Faccio una smorfia, le gambe nude tremano un pelo e mi maledico per il fatto di dormire in mutande anche l'inverno.

«Jas, dai, concedimi un po' di spazio» lo incalzo portandomi vicino, lo scuoto una, due, tre volte e lui lancia uno sbuffo esasperato.

«Cosa diavolo vuoi, si può sapere? Mamma e papà verranno a svegliarci tra qualche ora, e io vorrei dormire fino a quel momento» ringhia mentre scaccia via la mia mano.

«Dai, ti prego, non riesco a rimanere a letto e sto congelando» piagnucolo nella vana speranza di fare breccia dentro al suo cuore di pietra.

Jason e io siamo cane e gatto, e di solito ci sopportiamo il tempo di un respiro, però, la mattina di Natale, la nostra unione cambia totalmente.
Diventiamo complici sotto lo stesso stendardo.

«Ti prego» insisto e allungo l'ultima vocale in modo teatrale, fastidiosa anche per me.
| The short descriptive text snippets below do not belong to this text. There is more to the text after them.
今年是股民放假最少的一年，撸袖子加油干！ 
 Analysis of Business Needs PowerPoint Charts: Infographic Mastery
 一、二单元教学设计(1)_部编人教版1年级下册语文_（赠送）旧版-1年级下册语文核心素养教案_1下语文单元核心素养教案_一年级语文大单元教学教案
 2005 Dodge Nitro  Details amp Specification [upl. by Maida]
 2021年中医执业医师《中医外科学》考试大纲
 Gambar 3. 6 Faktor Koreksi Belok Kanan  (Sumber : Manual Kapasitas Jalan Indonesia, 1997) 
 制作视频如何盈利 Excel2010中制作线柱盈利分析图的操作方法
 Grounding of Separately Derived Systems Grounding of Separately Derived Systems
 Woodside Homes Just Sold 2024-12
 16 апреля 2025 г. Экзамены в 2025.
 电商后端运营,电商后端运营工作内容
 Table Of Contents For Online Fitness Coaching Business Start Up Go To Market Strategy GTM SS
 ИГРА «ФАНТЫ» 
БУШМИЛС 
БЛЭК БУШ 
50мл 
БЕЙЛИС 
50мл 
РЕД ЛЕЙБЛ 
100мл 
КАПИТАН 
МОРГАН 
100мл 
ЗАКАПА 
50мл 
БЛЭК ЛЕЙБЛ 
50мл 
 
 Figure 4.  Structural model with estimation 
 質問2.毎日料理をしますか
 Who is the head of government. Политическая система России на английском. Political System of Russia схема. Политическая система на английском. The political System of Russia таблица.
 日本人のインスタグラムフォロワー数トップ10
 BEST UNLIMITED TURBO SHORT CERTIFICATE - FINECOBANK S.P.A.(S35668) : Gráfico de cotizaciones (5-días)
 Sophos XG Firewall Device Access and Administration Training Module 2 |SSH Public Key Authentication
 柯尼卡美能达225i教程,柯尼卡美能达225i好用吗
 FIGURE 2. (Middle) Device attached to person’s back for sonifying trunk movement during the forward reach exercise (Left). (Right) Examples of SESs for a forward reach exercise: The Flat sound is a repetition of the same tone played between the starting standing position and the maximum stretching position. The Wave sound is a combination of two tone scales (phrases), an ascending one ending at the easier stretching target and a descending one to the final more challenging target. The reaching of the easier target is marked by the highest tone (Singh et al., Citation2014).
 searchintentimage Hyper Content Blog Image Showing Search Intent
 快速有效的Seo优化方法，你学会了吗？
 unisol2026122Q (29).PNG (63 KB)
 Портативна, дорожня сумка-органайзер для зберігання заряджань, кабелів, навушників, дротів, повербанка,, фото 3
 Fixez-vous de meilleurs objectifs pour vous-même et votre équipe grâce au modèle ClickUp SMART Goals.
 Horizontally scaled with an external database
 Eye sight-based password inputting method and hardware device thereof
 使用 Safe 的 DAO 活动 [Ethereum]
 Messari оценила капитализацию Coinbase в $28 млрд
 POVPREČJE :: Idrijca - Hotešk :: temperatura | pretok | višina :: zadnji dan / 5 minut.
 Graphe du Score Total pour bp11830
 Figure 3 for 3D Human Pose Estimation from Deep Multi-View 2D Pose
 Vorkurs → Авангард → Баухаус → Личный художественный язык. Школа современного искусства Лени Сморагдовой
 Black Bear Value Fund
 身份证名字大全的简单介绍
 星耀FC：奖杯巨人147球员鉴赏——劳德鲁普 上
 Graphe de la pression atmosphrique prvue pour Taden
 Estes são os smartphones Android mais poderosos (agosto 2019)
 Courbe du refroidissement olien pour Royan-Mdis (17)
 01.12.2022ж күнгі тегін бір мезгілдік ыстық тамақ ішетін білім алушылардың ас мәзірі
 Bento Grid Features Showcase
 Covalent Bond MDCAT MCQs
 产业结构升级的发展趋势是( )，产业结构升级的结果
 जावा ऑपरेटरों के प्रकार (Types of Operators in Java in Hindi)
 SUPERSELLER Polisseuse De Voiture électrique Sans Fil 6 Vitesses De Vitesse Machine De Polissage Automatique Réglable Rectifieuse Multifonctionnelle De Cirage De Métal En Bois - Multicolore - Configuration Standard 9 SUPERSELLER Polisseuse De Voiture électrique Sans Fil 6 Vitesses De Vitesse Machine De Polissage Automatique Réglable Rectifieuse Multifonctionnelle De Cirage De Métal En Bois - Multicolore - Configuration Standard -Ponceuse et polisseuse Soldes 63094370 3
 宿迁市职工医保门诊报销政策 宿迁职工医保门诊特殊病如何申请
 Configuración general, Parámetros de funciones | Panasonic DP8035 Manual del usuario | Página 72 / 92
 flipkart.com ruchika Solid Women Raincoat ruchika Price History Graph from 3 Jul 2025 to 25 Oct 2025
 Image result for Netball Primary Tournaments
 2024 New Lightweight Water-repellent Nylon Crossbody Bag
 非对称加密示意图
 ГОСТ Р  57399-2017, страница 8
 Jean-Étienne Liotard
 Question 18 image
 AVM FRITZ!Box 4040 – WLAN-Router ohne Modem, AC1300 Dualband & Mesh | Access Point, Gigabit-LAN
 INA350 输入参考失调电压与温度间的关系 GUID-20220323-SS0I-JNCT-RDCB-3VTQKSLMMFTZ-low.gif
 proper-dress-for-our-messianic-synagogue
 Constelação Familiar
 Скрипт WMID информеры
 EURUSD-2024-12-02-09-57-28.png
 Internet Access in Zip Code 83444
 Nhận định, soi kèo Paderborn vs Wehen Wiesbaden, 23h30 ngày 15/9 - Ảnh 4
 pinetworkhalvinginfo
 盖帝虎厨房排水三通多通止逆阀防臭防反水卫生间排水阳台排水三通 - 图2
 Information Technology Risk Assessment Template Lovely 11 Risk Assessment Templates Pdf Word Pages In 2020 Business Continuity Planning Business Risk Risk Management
Colto dall'esasperazione, solleva il piumone e si fa più in là per ospitare il corpo esile del suo fratellino minore.
Mi accosto a lui e lo sento lamentarsi della mia pelle ghiacciata, eppure mi permette di infilare una gamba tra le sue roventi e di abbracciarlo e posare la testa sul suo petto.
È sempre scorbutico, odioso al limite del possibile, ma adesso di trasforma nel mio fratellone, e sono quasi felice di averlo nella mia famiglia.

Quasi.

«Secondo te, quanti pacchi troveremo sul pavimento?» chiedo in un mormorio emozionato, ascolto il suono del suo cuore nascosto dentro al torace. Batte piano e ben calibrato, non come il mio, che va a mille.

«Non lo so, Damien. Perché mi fai questa domanda? Ogni anno la stessa storia» risponde, tuttavia riesco a percepire il divertimento nel suo discorso, forse ci sarà anche un sorriso sul viso.

«Io dico dieci» commento e lui ride.

«Sì, e lo scorso Natale erano nove. Vai con il numero dei tuoi anni» dice, e stavolta ridiamo assieme.